▶ _Data in this exercise_
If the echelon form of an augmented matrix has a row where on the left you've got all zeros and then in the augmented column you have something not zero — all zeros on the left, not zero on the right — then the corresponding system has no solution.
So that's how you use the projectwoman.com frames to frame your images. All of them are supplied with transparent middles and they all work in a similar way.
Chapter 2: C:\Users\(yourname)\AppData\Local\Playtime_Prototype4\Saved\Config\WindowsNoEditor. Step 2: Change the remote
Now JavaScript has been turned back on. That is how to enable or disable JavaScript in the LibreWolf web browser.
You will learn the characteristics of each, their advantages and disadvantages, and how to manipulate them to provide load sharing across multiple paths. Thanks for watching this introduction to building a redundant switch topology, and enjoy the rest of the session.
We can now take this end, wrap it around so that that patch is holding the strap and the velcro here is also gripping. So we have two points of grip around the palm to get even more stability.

---

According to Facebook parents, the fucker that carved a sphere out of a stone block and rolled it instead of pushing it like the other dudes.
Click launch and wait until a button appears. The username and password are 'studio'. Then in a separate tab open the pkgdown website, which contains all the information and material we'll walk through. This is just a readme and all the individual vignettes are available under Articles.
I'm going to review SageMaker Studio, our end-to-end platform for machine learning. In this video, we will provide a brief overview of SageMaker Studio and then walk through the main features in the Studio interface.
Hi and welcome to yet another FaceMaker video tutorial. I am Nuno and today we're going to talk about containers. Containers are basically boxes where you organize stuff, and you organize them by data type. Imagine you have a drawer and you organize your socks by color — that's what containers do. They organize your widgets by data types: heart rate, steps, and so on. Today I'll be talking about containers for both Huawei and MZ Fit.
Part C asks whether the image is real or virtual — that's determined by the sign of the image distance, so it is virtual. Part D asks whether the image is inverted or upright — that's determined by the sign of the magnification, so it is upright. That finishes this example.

==

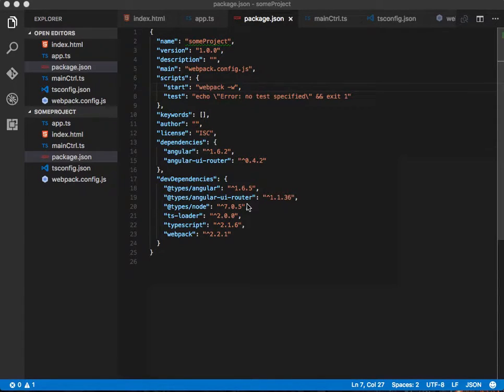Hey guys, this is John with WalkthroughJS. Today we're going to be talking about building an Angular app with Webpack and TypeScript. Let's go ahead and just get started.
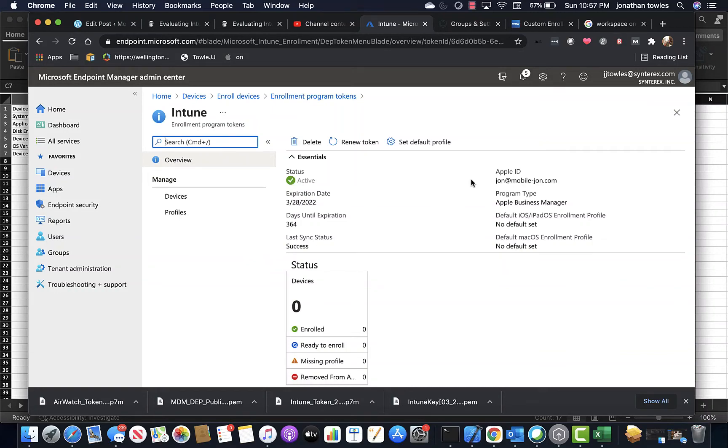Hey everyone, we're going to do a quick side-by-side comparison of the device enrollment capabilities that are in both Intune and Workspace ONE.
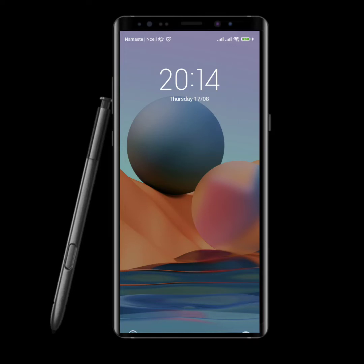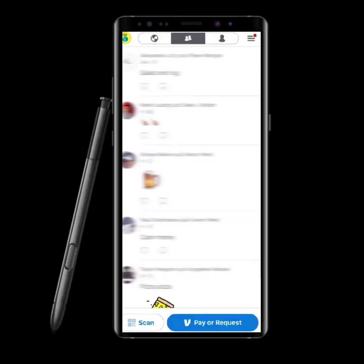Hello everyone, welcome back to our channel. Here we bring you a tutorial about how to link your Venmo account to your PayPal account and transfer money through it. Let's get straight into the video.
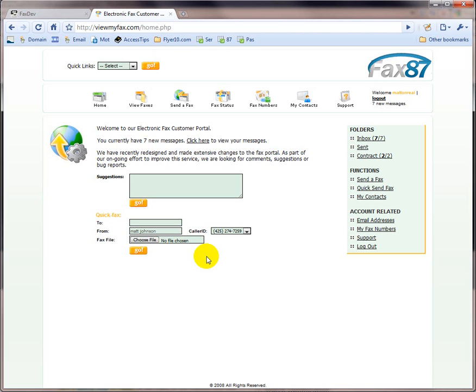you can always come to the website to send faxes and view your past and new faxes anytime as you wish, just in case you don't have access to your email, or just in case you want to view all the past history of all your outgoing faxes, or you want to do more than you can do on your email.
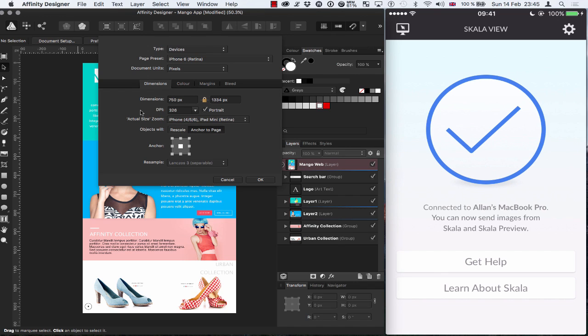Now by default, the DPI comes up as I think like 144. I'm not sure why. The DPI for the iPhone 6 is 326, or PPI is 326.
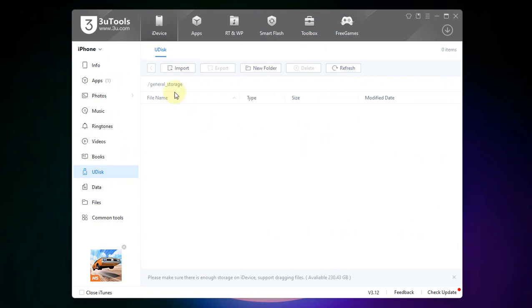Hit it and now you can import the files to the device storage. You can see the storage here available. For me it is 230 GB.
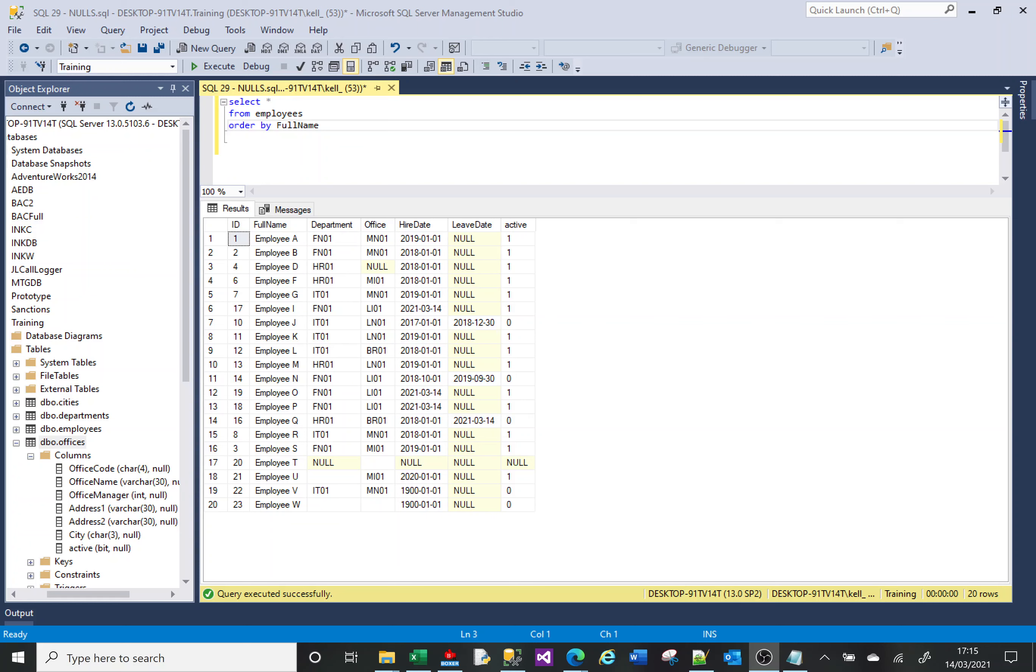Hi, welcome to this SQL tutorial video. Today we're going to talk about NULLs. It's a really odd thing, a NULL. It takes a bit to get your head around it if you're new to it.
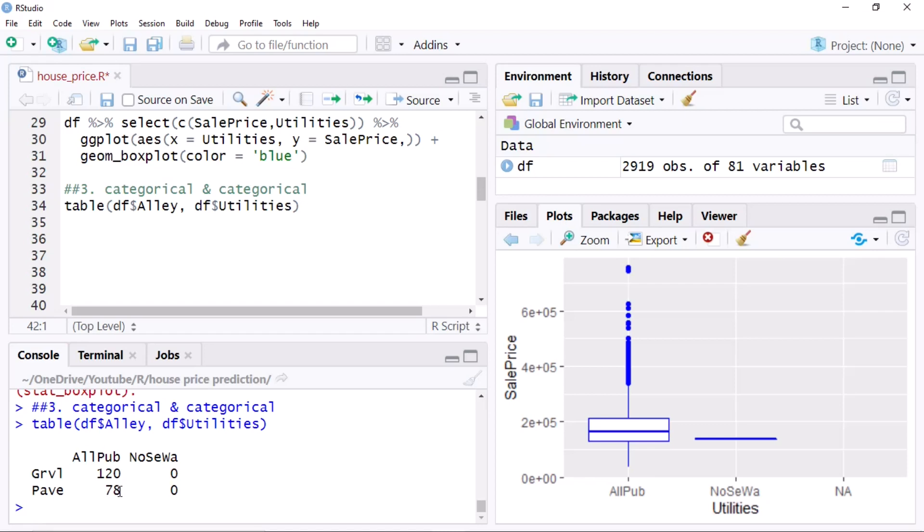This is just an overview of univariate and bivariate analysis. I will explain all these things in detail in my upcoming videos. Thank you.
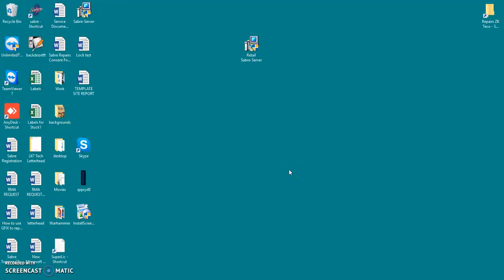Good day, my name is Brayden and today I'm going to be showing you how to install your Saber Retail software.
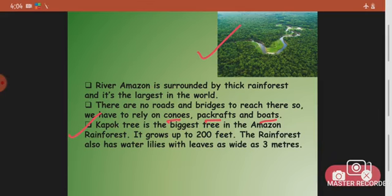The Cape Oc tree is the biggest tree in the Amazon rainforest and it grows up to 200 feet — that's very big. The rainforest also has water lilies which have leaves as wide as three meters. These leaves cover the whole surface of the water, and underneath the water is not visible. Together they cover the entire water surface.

▶ _Required work_
Reproduce the listing above exactly from the line containing "Now by default, the" up to and including the line containing "The Cape Oc", omitting any images and everything outside those lines.

▶ _Your response_
Now by default, the DPI comes up as I think like 144. I'm not sure why. The DPI for the iPhone 6 is 326, or PPI is 326.
Hit it and now you can import the files to the device storage. You can see the storage here available. For me it is 230 GB.
Hi, welcome to this SQL tutorial video. Today we're going to talk about NULLs. It's a really odd thing, a NULL. It takes a bit to get your head around it if you're new to it.
This is just an overview of univariate and bivariate analysis. I will explain all these things in detail in my upcoming videos. Thank you.
Good day, my name is Brayden and today I'm going to be showing you how to install your Saber Retail software.
The Cape Oc tree is the biggest tree in the Amazon rainforest and it grows up to 200 feet — that's very big. The rainforest also has water lilies which have leaves as wide as three meters. These leaves cover the whole surface of the water, and underneath the water is not visible. Together they cover the entire water surface.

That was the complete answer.